Gaming on a Budget -- How to Start Saving on PC (Part 1)

Is it possible to actively play new games and not go broke? Turns out, yeah, it really is!

It's hard to believe just how much money we, as gamers, spend on our hobby. Every console generation, new hardware rolls in at high price points. Four hundred to five hundred dollars, on top of all the games being available at full price. For the average gamer, it's quite daunting.

I am right there with you. When I was younger, I usually had to make a hundred or so dollars stretch across an entire year. So I'm gonna tell you how I've managed to keep pace with the gaming world on a shoe string budget.

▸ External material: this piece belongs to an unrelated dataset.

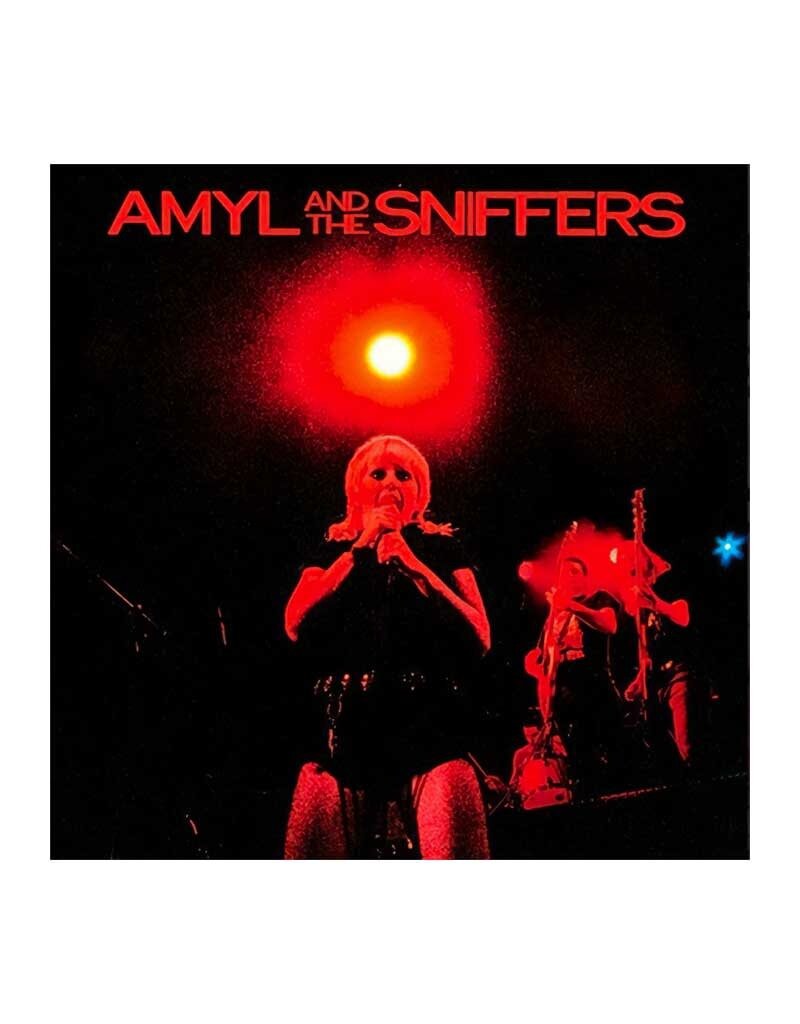 Amyl and the Sniffers - Big Attraction & Giddy Up (LP)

Today, as G.B. Burford so aptly pointed out in my interview with him, a good place for budget gaming is on PC. Let's talk about how you can use this fact to your advantage:

A Steam-Powered Revolution

When it comes to PC, there are a number of ways to game on the cheap, and no Ubisoft, none of them require Pirate Bay.

  1. Steam, Amazon, Humble Bundle, and the sales that will make you love them.
  2. Origin, Desura, and the alternatives that offer something different.
  3. Steam-share, GOG.com, and modern PC sharing.
  4. Emulators.

Today, we're going to start by figuring out what you're working with, and where you should be focusing on sales with clever planning.

Sales are a normal thing to look to when on a budget, but in the PC market in particular, it's almost like learning a new dance. Knowing when to check Humble Bundle, Steam, and Amazon is key to maximizing the games you can get for the lowest price point. You're going to need to prioritize, plan, and keep a watchful eye out.

First thing's first though -- how powerful is your PC? If you're tight for cash, chances are you are not packing an Nvidia Titan, seven core CPU, and 8 gigabytes of DDR3 RAM. You need to know what you're working with so you don't end up buying something you can't run. Here's how to get an idea of what your specs are. Open the Windows key, and click the "Run..." button.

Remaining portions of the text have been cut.